» **Aim of the task**:
Everything from the line holding "fan blade and" to the end of the listing below should be copied exactly, line for line, minus the pictures.

═══ Recorded information ═══

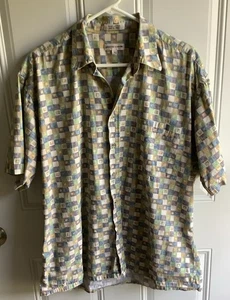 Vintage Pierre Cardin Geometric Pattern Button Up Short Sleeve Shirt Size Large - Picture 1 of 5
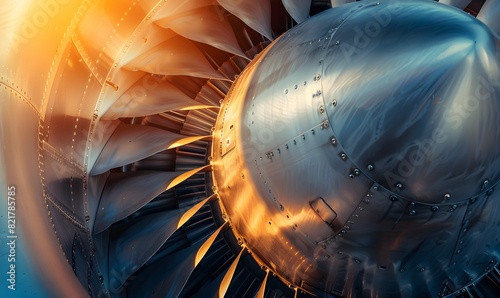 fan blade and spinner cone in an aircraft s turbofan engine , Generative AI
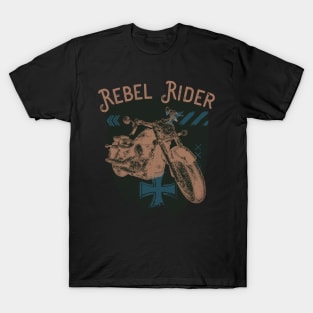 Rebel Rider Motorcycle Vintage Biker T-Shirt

═══

» **Written answer**:
 fan blade and spinner cone in an aircraft s turbofan engine , Generative AI
 Rebel Rider Motorcycle Vintage Biker T-Shirt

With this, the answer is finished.